Material for this task:

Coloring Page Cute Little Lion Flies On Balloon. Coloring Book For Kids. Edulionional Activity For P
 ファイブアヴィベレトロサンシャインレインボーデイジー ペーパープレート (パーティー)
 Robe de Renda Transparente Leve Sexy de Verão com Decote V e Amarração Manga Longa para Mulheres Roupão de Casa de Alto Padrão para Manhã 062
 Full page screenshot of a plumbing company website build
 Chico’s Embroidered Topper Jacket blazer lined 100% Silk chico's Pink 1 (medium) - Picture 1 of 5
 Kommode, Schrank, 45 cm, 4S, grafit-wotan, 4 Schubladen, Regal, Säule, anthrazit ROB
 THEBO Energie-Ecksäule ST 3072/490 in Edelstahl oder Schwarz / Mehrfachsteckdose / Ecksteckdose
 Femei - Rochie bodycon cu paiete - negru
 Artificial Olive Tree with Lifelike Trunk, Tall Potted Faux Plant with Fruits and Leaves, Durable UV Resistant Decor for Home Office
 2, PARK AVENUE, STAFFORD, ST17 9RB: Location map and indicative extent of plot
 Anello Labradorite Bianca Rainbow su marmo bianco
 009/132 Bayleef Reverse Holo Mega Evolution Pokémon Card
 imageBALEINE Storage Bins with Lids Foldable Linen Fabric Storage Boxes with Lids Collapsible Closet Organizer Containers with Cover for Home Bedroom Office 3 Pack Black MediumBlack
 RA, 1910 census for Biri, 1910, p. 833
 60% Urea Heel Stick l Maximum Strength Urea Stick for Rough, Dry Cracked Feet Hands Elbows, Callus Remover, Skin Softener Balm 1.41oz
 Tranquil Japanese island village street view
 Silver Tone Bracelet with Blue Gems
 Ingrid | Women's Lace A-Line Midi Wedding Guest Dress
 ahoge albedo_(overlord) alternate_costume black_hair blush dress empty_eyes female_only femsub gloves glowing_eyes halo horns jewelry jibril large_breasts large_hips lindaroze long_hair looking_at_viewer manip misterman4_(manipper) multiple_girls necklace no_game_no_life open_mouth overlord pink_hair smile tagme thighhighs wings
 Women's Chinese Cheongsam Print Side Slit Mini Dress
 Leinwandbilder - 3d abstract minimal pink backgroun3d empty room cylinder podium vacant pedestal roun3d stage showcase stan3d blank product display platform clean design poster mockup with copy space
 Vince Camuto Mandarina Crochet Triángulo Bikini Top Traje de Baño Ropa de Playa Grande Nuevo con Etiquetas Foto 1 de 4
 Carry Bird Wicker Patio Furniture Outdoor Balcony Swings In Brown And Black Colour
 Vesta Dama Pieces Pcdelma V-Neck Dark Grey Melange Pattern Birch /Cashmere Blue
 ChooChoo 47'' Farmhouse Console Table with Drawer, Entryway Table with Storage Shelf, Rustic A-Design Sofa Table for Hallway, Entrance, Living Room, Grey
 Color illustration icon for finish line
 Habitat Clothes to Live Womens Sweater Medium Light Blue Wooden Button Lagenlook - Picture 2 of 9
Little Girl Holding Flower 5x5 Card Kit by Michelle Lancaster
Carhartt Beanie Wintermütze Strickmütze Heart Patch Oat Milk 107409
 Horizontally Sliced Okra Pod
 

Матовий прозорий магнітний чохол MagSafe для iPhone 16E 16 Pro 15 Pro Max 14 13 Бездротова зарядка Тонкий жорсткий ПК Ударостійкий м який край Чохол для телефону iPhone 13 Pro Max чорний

Problem description:
The output is every entry, printed exactly as it reads.

Solved problem:
Coloring Page Cute Little Lion Flies On Balloon. Coloring Book For Kids. Edulionional Activity For P
 ファイブアヴィベレトロサンシャインレインボーデイジー ペーパープレート (パーティー)
 Robe de Renda Transparente Leve Sexy de Verão com Decote V e Amarração Manga Longa para Mulheres Roupão de Casa de Alto Padrão para Manhã 062
 Full page screenshot of a plumbing company website build
 Chico’s Embroidered Topper Jacket blazer lined 100% Silk chico's Pink 1 (medium) - Picture 1 of 5
 Kommode, Schrank, 45 cm, 4S, grafit-wotan, 4 Schubladen, Regal, Säule, anthrazit ROB
 THEBO Energie-Ecksäule ST 3072/490 in Edelstahl oder Schwarz / Mehrfachsteckdose / Ecksteckdose
 Femei - Rochie bodycon cu paiete - negru
 Artificial Olive Tree with Lifelike Trunk, Tall Potted Faux Plant with Fruits and Leaves, Durable UV Resistant Decor for Home Office
 2, PARK AVENUE, STAFFORD, ST17 9RB: Location map and indicative extent of plot
 Anello Labradorite Bianca Rainbow su marmo bianco
 009/132 Bayleef Reverse Holo Mega Evolution Pokémon Card
 imageBALEINE Storage Bins with Lids Foldable Linen Fabric Storage Boxes with Lids Collapsible Closet Organizer Containers with Cover for Home Bedroom Office 3 Pack Black MediumBlack
 RA, 1910 census for Biri, 1910, p. 833
 60% Urea Heel Stick l Maximum Strength Urea Stick for Rough, Dry Cracked Feet Hands Elbows, Callus Remover, Skin Softener Balm 1.41oz
 Tranquil Japanese island village street view
 Silver Tone Bracelet with Blue Gems
 Ingrid | Women's Lace A-Line Midi Wedding Guest Dress
 ahoge albedo_(overlord) alternate_costume black_hair blush dress empty_eyes female_only femsub gloves glowing_eyes halo horns jewelry jibril large_breasts large_hips lindaroze long_hair looking_at_viewer manip misterman4_(manipper) multiple_girls necklace no_game_no_life open_mouth overlord pink_hair smile tagme thighhighs wings
 Women's Chinese Cheongsam Print Side Slit Mini Dress
 Leinwandbilder - 3d abstract minimal pink backgroun3d empty room cylinder podium vacant pedestal roun3d stage showcase stan3d blank product display platform clean design poster mockup with copy space
 Vince Camuto Mandarina Crochet Triángulo Bikini Top Traje de Baño Ropa de Playa Grande Nuevo con Etiquetas Foto 1 de 4
 Carry Bird Wicker Patio Furniture Outdoor Balcony Swings In Brown And Black Colour
 Vesta Dama Pieces Pcdelma V-Neck Dark Grey Melange Pattern Birch /Cashmere Blue
 ChooChoo 47'' Farmhouse Console Table with Drawer, Entryway Table with Storage Shelf, Rustic A-Design Sofa Table for Hallway, Entrance, Living Room, Grey
 Color illustration icon for finish line
 Habitat Clothes to Live Womens Sweater Medium Light Blue Wooden Button Lagenlook - Picture 2 of 9
Little Girl Holding Flower 5x5 Card Kit by Michelle Lancaster
Carhartt Beanie Wintermütze Strickmütze Heart Patch Oat Milk 107409
 Horizontally Sliced Okra Pod
 

Матовий прозорий магнітний чохол MagSafe для iPhone 16E 16 Pro 15 Pro Max 14 13 Бездротова зарядка Тонкий жорсткий ПК Ударостійкий м який край Чохол для телефону iPhone 13 Pro Max чорний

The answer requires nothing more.